For a few hours each month, Katie Carlin, Olivia Curié and Sean Greening are no longer roommates persevering through a pandemic.
The arrival of a box on their Riverside doorstep transforms their house into a private detective agency, as the three sleuths scour the enclosed maps, letters, autopsy reports, crime-scene photos, items of clothing and other evidence for clues — and dodge red herrings — to solve an imaginary murder.
Carlin, Curié and Greening are among 100,000 people across the country who now subscribe to Hunt A Killer, the fast-growing series of murder mysteries from a Baltimore-based company that players gradually unlock using physical clues that come in the mail each month.
“The twists and turns of the plot are really fascinating,” said Carlin, a 33-year-old neonatology fellow. “Even my friends who can always predict the end of a movie, they don’t always get it."
For $25-$30 a month, depending on the subscription, Hunt A Killer creates an “immersive experience,” similar to an escape room, in the comfort of players' homes. Up to six players work through the evidence to determine each suspect’s means, motive and opportunity to commit the crime.
Co-founders Ryan Hogan and Derrick Smith have tweaked the game’s structure based on customer feedback since its 2016 launch.
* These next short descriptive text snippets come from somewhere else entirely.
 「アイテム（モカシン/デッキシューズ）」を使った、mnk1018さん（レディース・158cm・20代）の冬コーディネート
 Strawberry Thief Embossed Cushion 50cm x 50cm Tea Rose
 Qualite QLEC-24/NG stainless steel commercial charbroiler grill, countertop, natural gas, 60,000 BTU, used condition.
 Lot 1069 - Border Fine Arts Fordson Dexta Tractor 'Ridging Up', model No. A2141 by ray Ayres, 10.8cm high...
But they know why it has become a favorite quarantine activity — and one of the United States’ fastest-growing games, with $27.3 million in revenue in 2019 and a projected $55 million this year.
“What people need right now is a place to escape, an environment where they can disconnect from the news cycle, the pandemic,” said Hogan, who now lives in Seattle. “You get to explore a universe that feels real.”
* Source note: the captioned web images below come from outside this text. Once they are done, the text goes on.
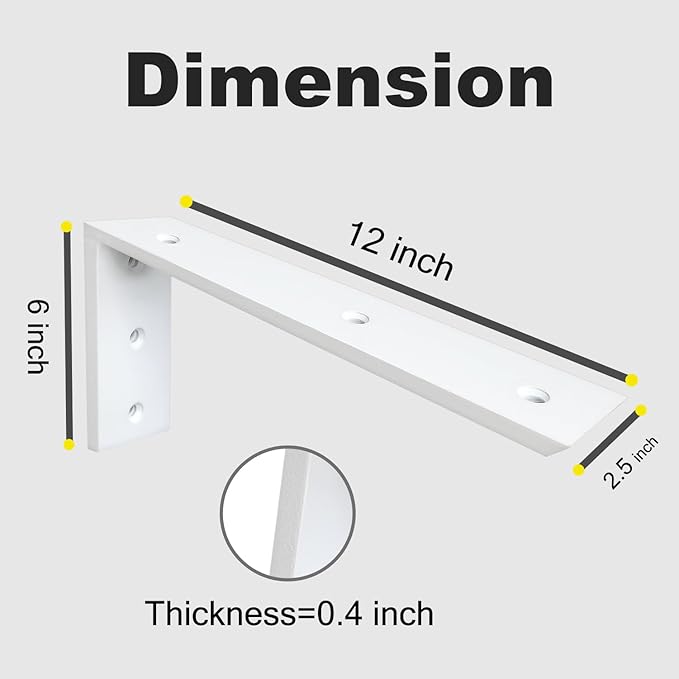 WINKER Countertop Support Bracket 3 Pack Heavy Duty 3/8" Thick Hidden L Shelf Bracket 12" x 6" x 2.5" Metal Corbels for Quartz/Granite/Wood/Concrete/Laminate Countertops, White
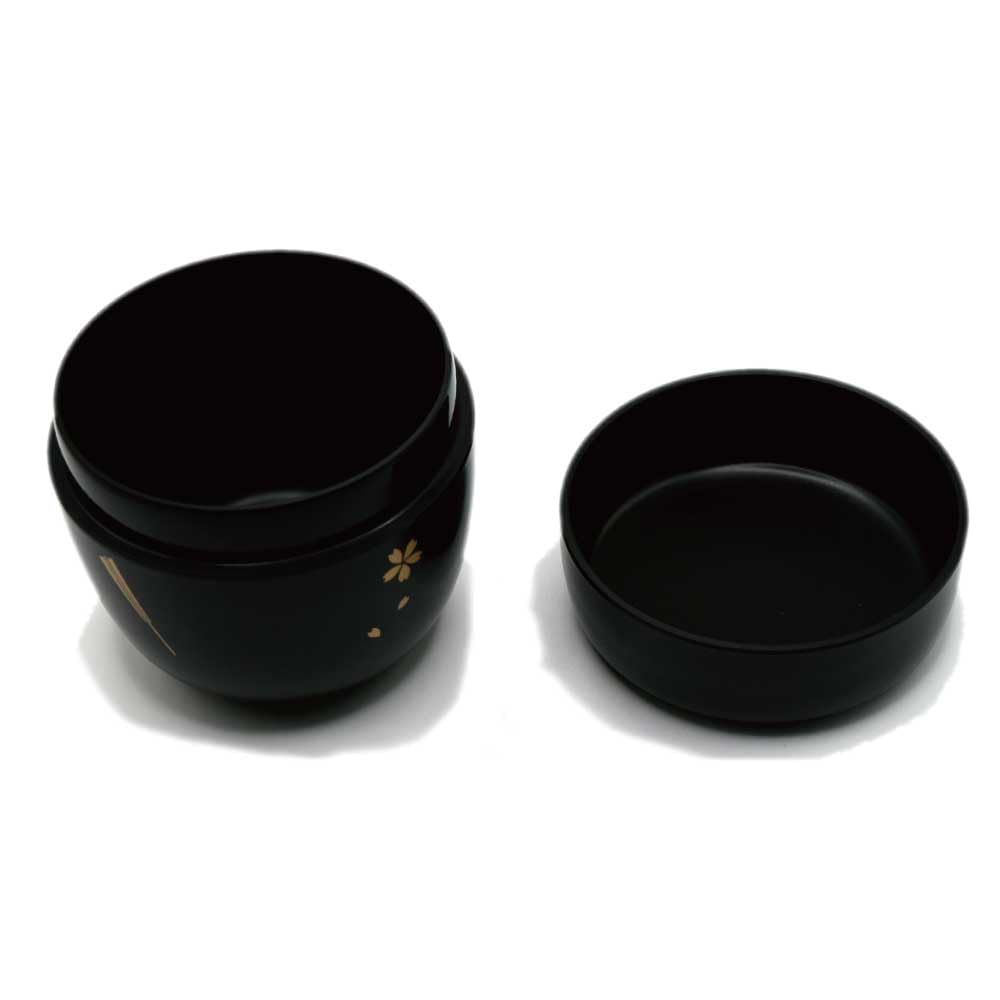 Black Resin Tea Ceremony Utensils, Medium-Sized Natsume (Natsume Tea Teapot), Fan-Shaped Flowing Water Design, Perfect for Matcha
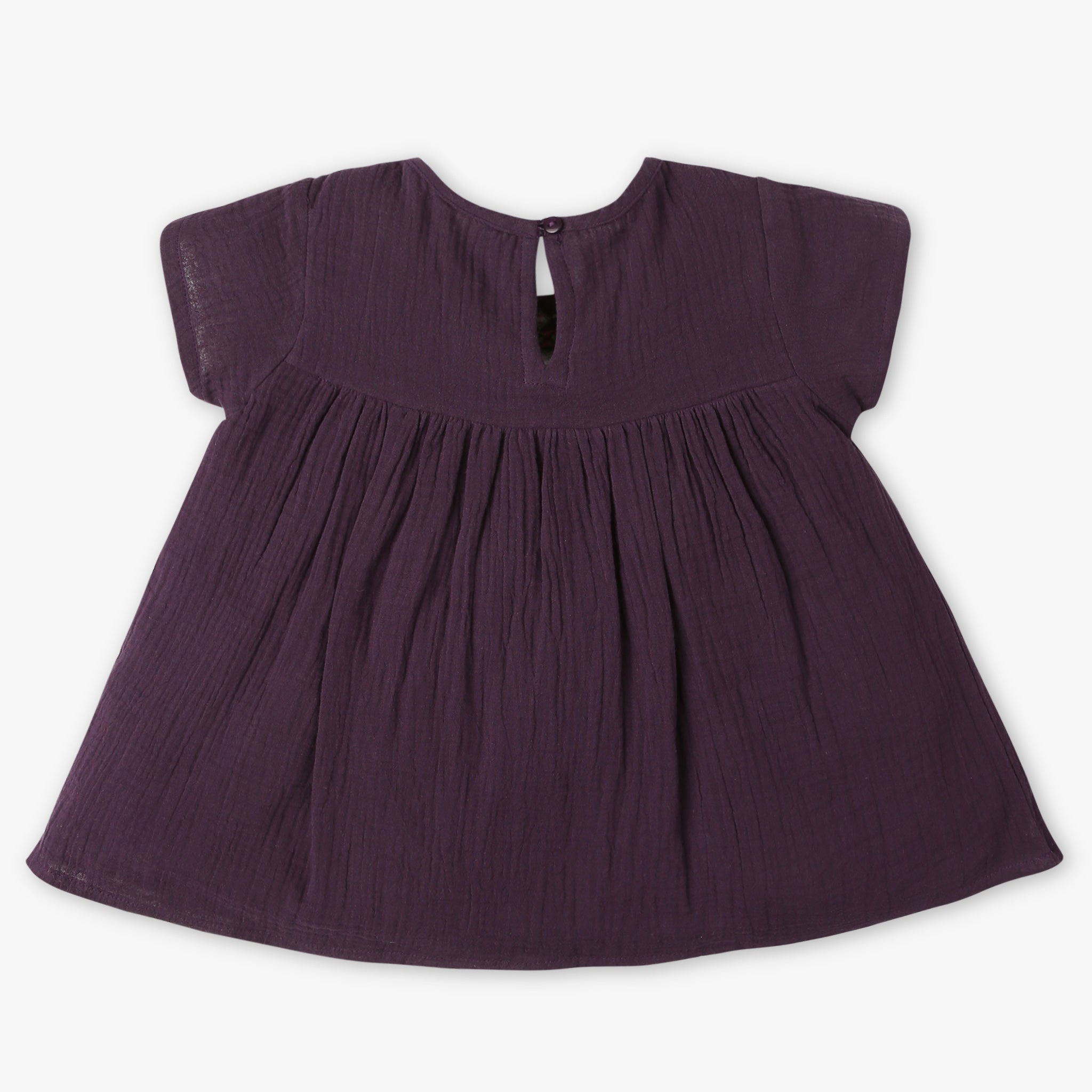 Girls Regular Fit Embroiderd Round Neck Short Sleeve Top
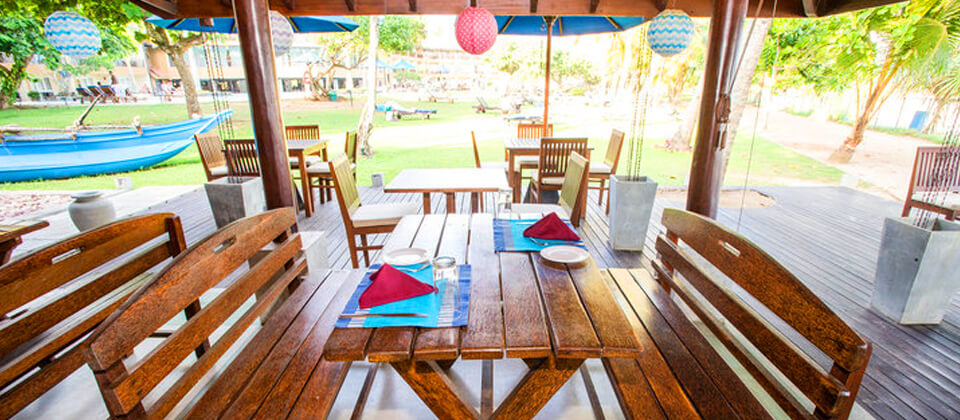 Fisherman's Wharf, an open air seafood restaurant at The Palms Hotel, Beruwala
The game is set up like a true-crime television series: Each murder case makes up a “season,” to be solved over the course of six monthly boxes or “episodes.” A new box each month supplies enough clues to accomplish more incremental objectives, such as identifying the murder weapon.
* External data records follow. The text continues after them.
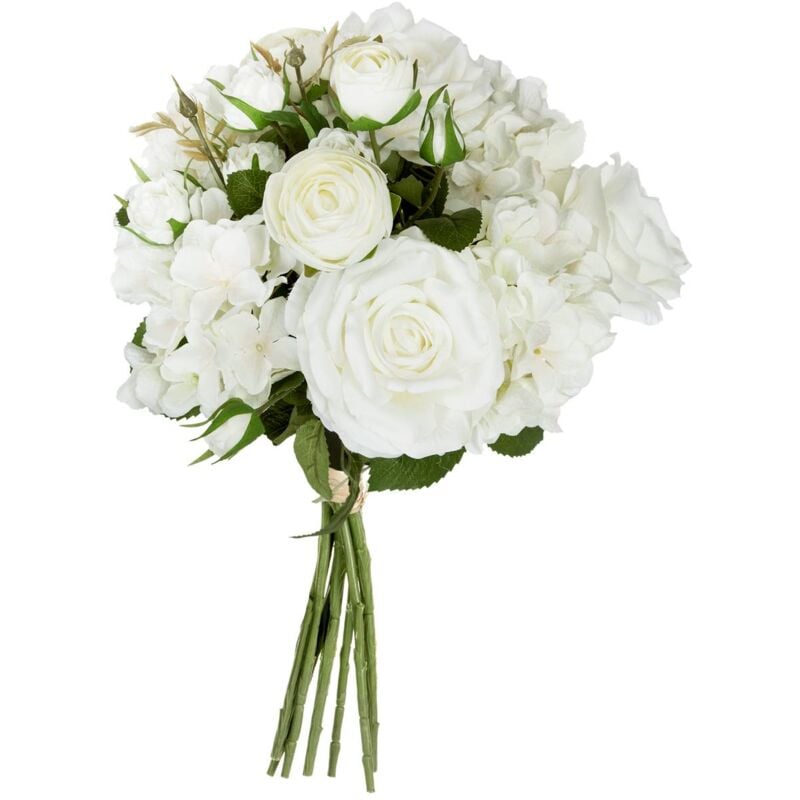 Atmosphera - Bouquet 18 fleurs artificielles H50cm créateur d'intérieur - Blanc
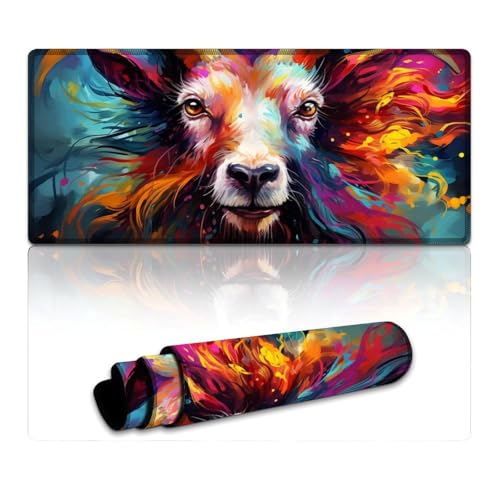 LLONGKT Mauspad mit psychedelisch gefärbter Ziege, erweitertes Mauspad (40 x 90 x 0,3 cm), Tastaturpad mit Rutschfester Unterseite und genähtem Rand für Büro/Gaming von LLONGKT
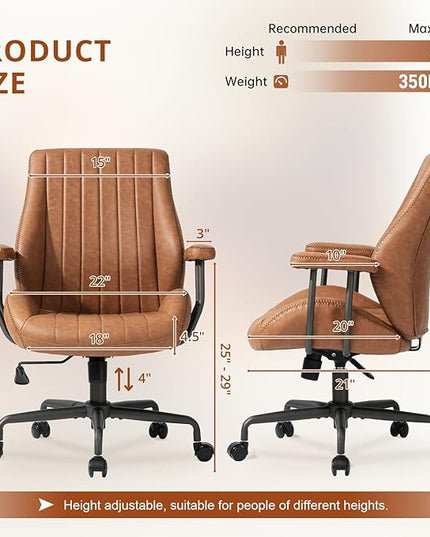 Ergonomic Office Chair 330LBS, Reclining Swivel Mid Back Desk Chair with Adjustable Height, Thickened Cushions, Comfy Executive Armchair for Home Office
Impatient players can “expedite” the boxes and binge them all at once, like a Netflix show.
"Putting together an immersive story delivered episodically was always the goal,” said Smith, who lives near Parkville. “Entertainment can always be a positive distraction, and it’s something a lot of us need at the moment.”
Coronavirus precautions have led some players to host monthly gatherings over conference calls or video chats, while others playing in-person with family and friends have set up “murder boards” on their living room walls, unspooling red yarn to connect suspects, places, weapons and victims.
A book of cocktail recipes and Spotify playlists are available for each case to help players set the scene. The game’s Facebook group doesn’t allow spoilers, but it serves as a resource where the 130,000 members can find a helpful nudge in the right direction to find the next clue if they get stuck.
Players typically divvy up roles based on their own strengths and weaknesses. Carlin considers herself the leader of her group, although she’s quick to lean on Curié and Greening, who often are better at finding clues hidden in encoded letters or art, she said.
“Between the three of us, we could solve the box in not too long of a period,” Carlin said.
Heather Nicoll and her friend Nicole Beaudette like to pour drinks, set out snacks and clear their kids from the room for “Mommy Time,” as they’ve begun referring to Hunt A Killer.
“You get to feed off of each other," said Nicoll, 31, of Uxbridge, Massachusetts. “I’m the code-cracker person, and she’ll read through everything. We’ll take notes and compare theories.”
An antique cigarette holder, a lace glove, a vinyl record and a drumstick are among the items Nicoll has been impressed to unpack from the monthly boxes.
“It really immerses you into their world when you get stuff like that,” she said. “It’s kind of expensive, but you get what you pay for.”
Tracy Funk and her husband, Jonathan Prozzi, moved into a new house in Towson three weeks ago.
“One of the first things I unpacked was our Hunt A Killer boxes," said Funk, 37.
She doesn’t “expedite” the boxes, but she likes to wait to open them until a whole season’s worth have arrived, so she won’t be left waiting a month on a cliffhanger.
“We have a stockpile,” she said. “I tend to save up an entire season and then go through it all at once.”
Gina Albers and her husband, Don, use a binder and a timeline to keep track of the various suspects, evidence and events with their friends Karen and Jay Sterner in Stewartstown, Pennsylvania.
“It took all of our skills together to try to put all of these clues together,” said Albers, 54, who grew up in Dundalk. “It’s a way to keep us connected. Life gets busy, and we’re worried about doing things. This was something that guaranteed a date night.”